Would you please transcribe the listing exactly, with no images?

* Material provided:

>>>>

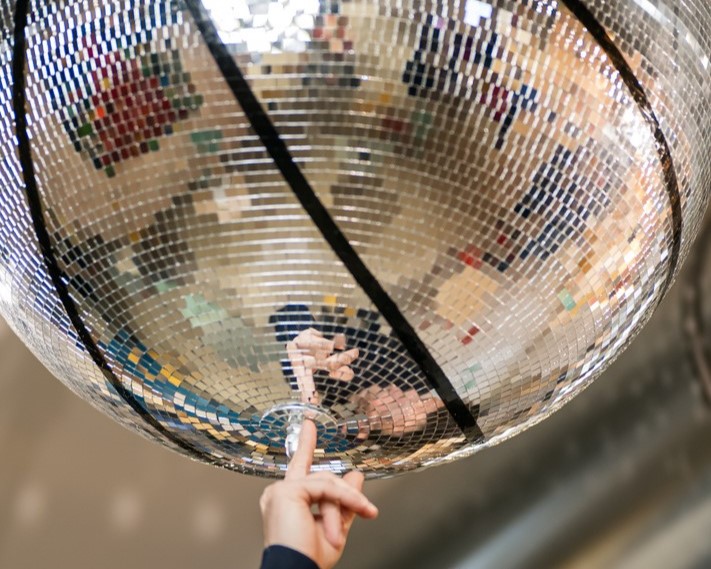Oeuvre de Laurent Perbos accroché au dessus du café : Basket Disco Ball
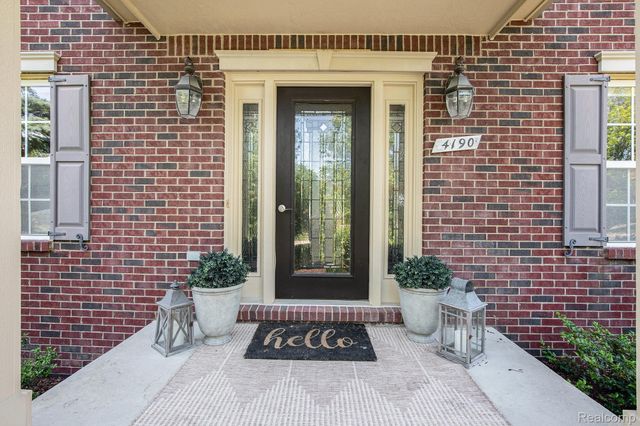4190 Derry Court, Oakland Charter Township, MI 48306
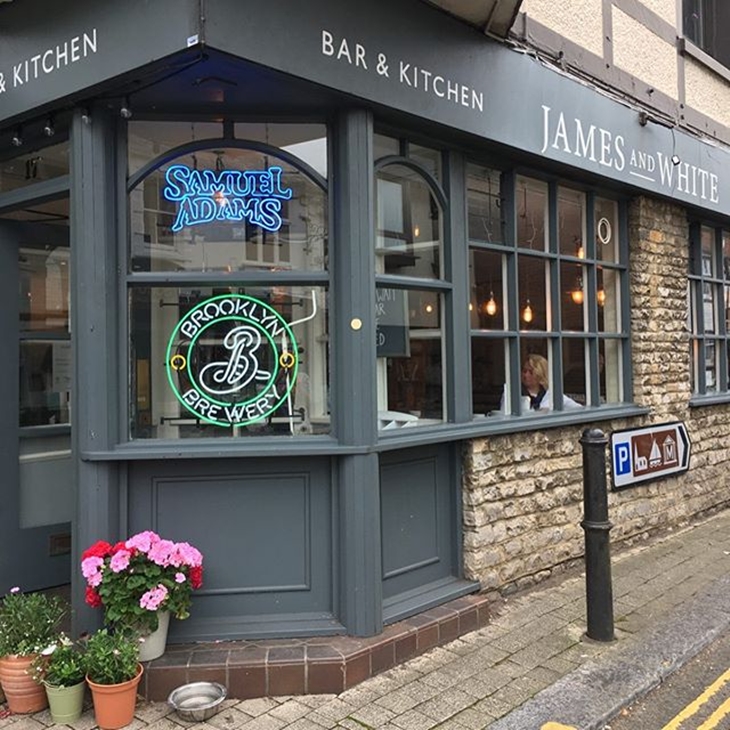 Kafe di Christchurch, Dorset. (Foto: instagram.com/thepriorychurch)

<<<<

* Solution below:
Oeuvre de Laurent Perbos accroché au dessus du café : Basket Disco Ball
4190 Derry Court, Oakland Charter Township, MI 48306
 Kafe di Christchurch, Dorset. (Foto: instagram.com/thepriorychurch)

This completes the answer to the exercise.